# Slow Co-workers....



## Ahrens (Mar 1, 2013)

So this may be off-topic a bit but oh well... Does anybody else work with a guy that just seems to either a)ignore you when you say something b)take more than twice as long to do something as it should c)just do some really stupid things while working together?

The one guy I work with is pretty much all three options rolled into one.Its really frustrating when your job is running over and your getting talked to about it and given a bit of crap even though your doing everything you can to try to keep things on schedule.

Today we were replacing a 40 gal PV water heater and im soldering the water lines when all of a sudden the heater starts rocking back and forth... he's down there putting on the black iron drip pocket with just a pipe wrench with no support wrench on the valve.
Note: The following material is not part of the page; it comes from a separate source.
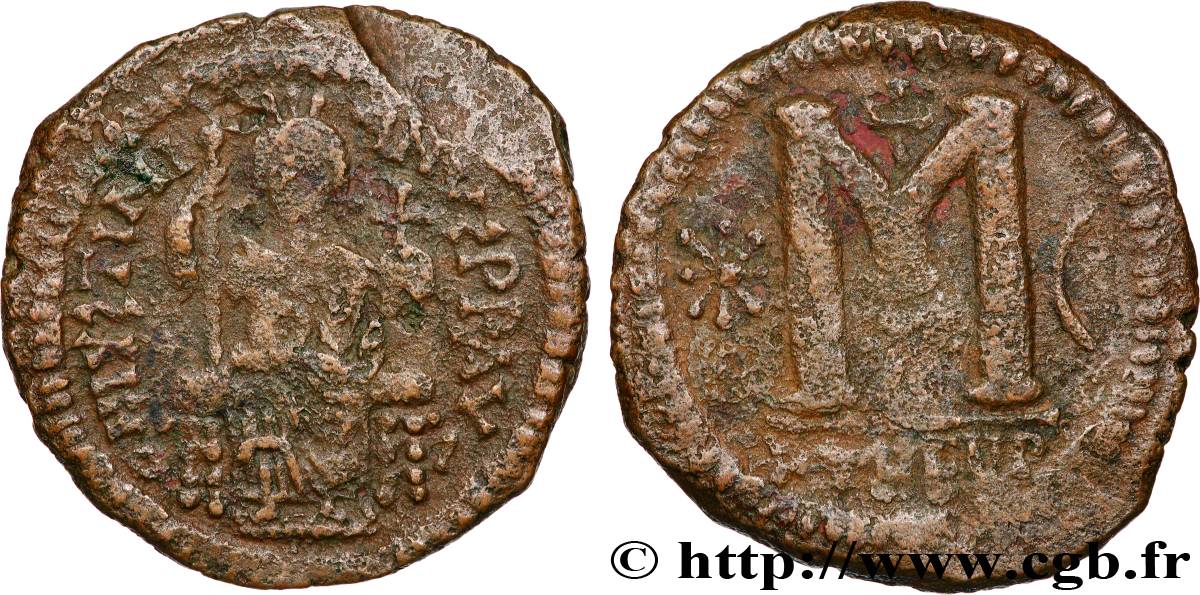 JUSTINIAN I Follis XF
I tell him to hold on a few minutes until i get everything done and it sets a bit. I get the cold line done then move a bit to do the hot not even 10 seconds later he;s at it again while im soldering. I just told him to go outside and finish the venting. 

Sorry about the ranting but had to get it off the chest.

Feel free to join in :thumbsup:


----------



## jps519 (Feb 12, 2013)

All the time. You can't teach common sense. Its a pain in the a$$. But what can you do.


----------



## Ahrens (Mar 1, 2013)

Well looks like i wasn't the only one that wasn't impressed with him at work, he got "laid off" last friday when he got back to the shop. The guy had the nerve to say to the boss after he heard the news that "he (myself) better be getting laid off too" Needless to say the other guys and I had a bit of a chuckle at that and he didn't look to impresses when I was the one that had to go to his house yesterday and get the mobile debit machine from him.


----------



## Superdave1 (Mar 22, 2013)

no matter how hard you try....you just can't fix stupid!!!


----------